> **TO DO**: The answer must be an exact copy of the lines from the top of the listing below through the line with "Black/ Grey and", with no pictures.

> **DATA BLOCK**:
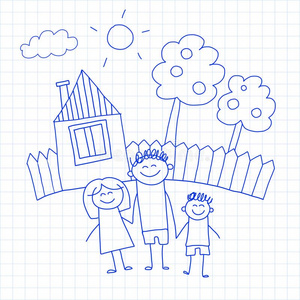 幸福的家庭和小的孩子们和房屋小孩绘画矢量我照片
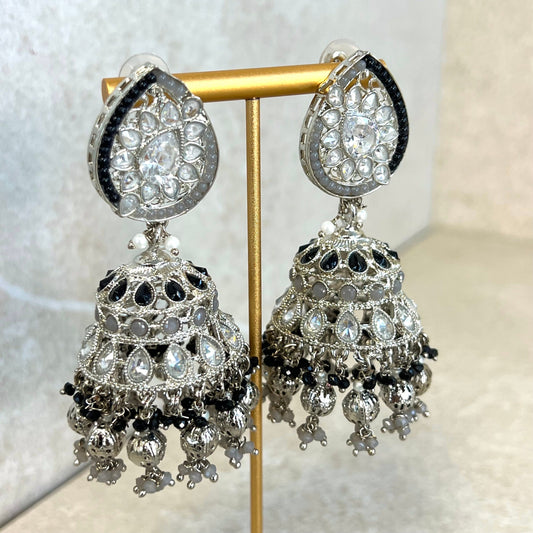 Black/ Grey and Silver Large Tear Drop Jhumka Earrings - Indian Style Earring/Pakistani fashion/ Mendhi/Party/Haldi/ Diwali Gift/ Eid Gift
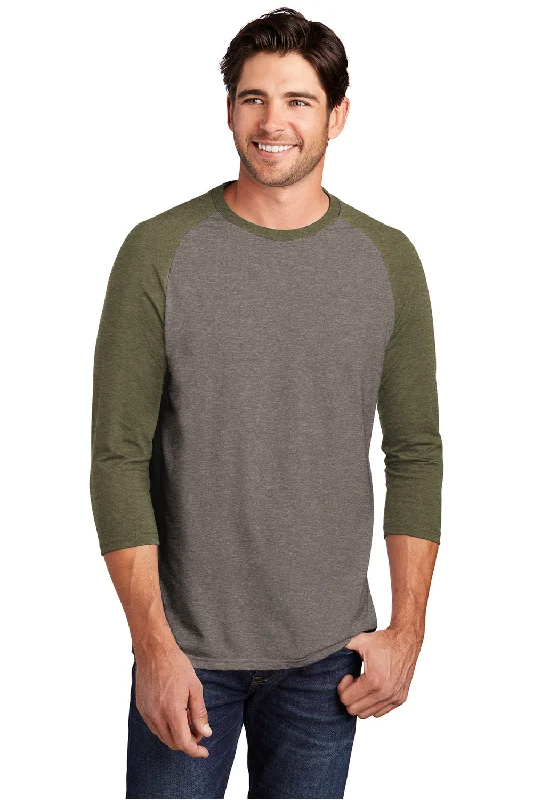 Men’s short-sleeve glint tops-District Mens Perfect Tri 3/4 Sleeve Crewneck T-Shirt - Grey Frost/Military Green Frost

> **SOLUTION**:
 幸福的家庭和小的孩子们和房屋小孩绘画矢量我照片
 Black/ Grey and Silver Large Tear Drop Jhumka Earrings - Indian Style Earring/Pakistani fashion/ Mendhi/Party/Haldi/ Diwali Gift/ Eid Gift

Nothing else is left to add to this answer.